The following data needs to be repeated exactly, with all images excluded.

Given information -
◆ ◆ ◆ ◆ ◆
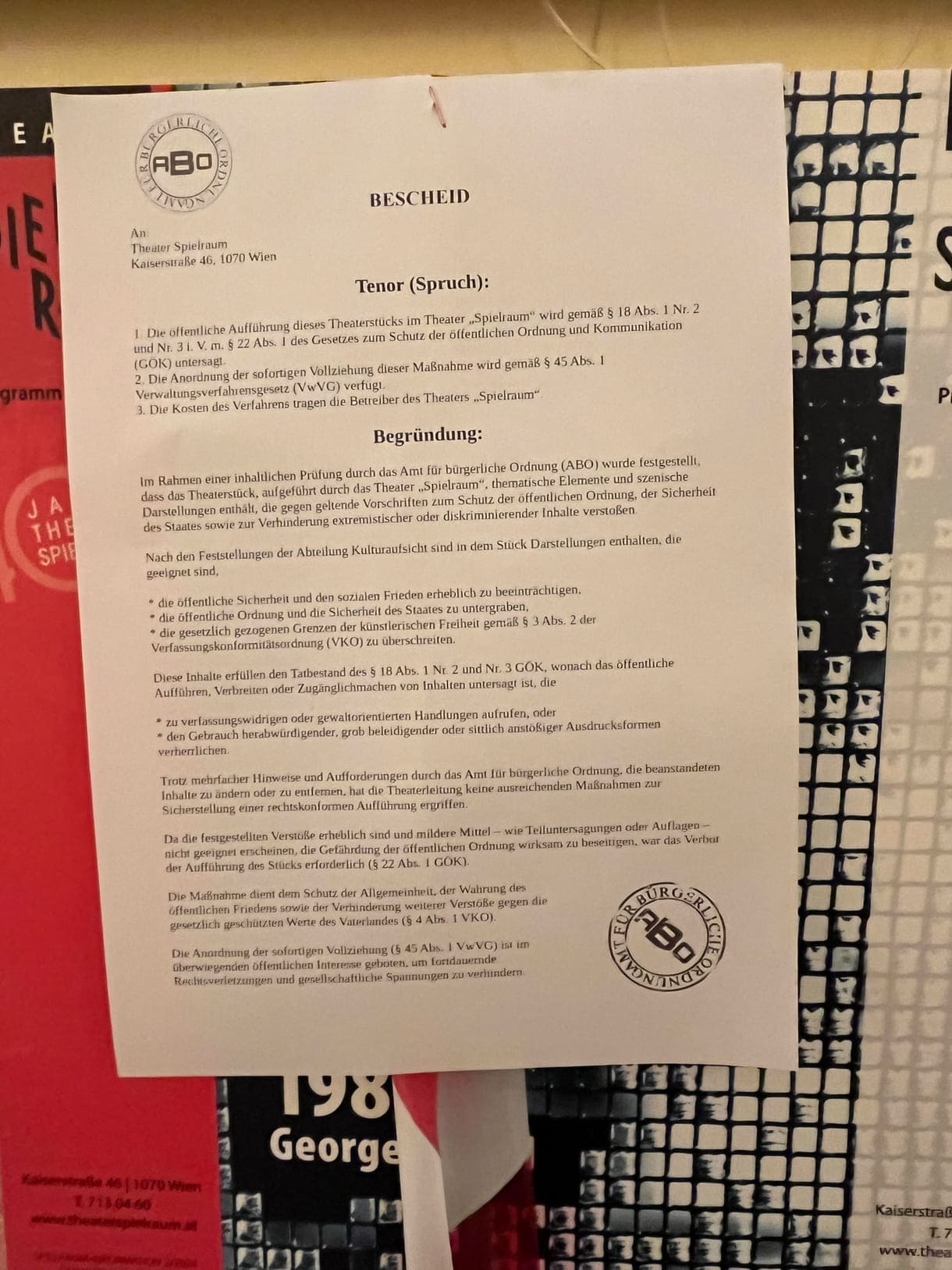 An vielen Stelln hängt eine Kopie des 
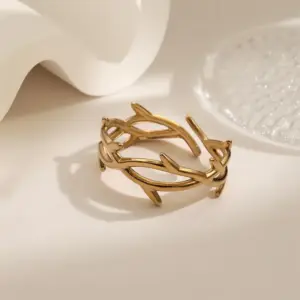 Gold / Average Size / Style 4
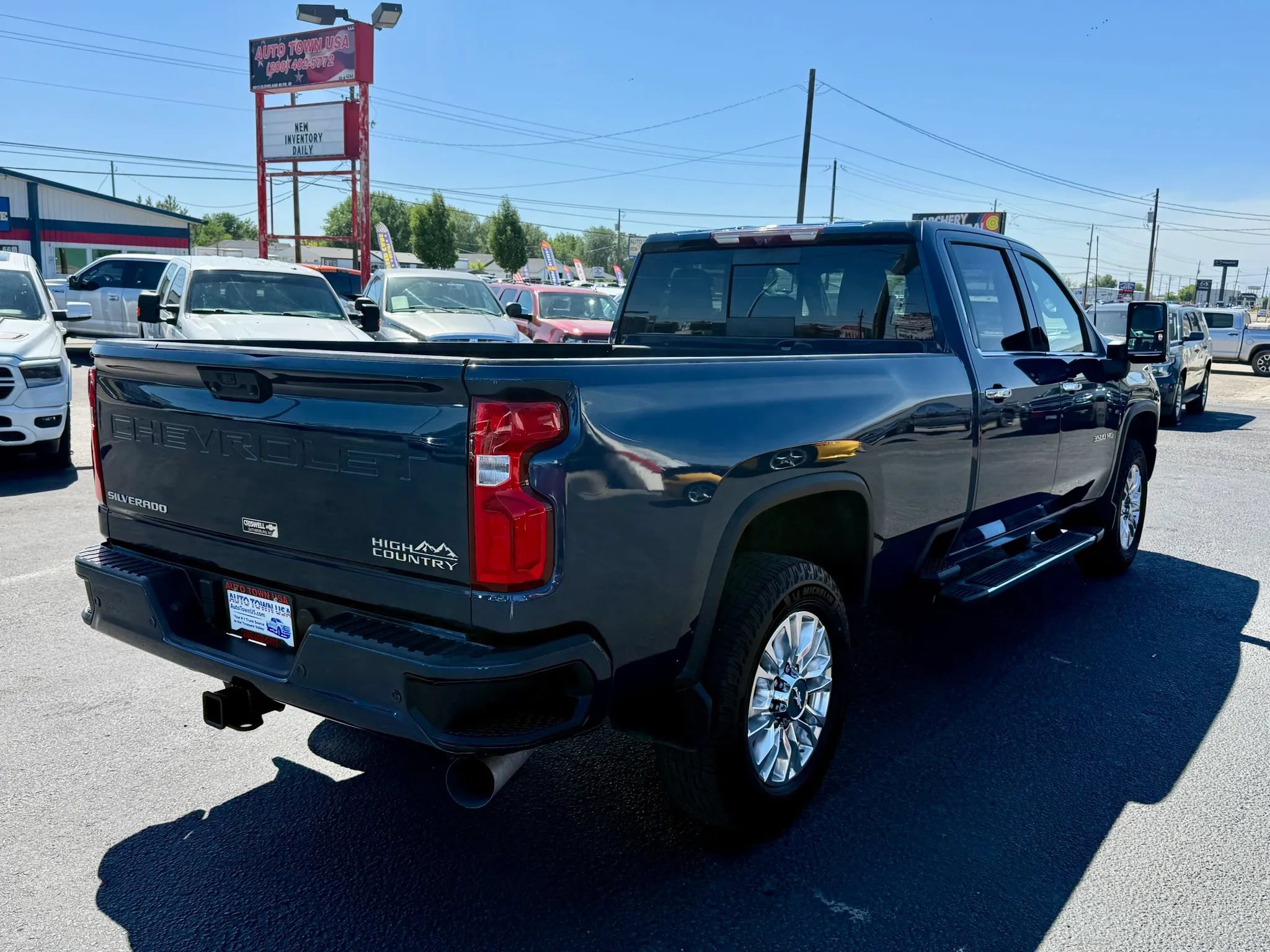 Used 2020 Chevrolet Silverado 3500 High Country AWD/4WD image 5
◆ ◆ ◆ ◆ ◆
Reply to the exercise -
 An vielen Stelln hängt eine Kopie des 
 Gold / Average Size / Style 4
 Used 2020 Chevrolet Silverado 3500 High Country AWD/4WD image 5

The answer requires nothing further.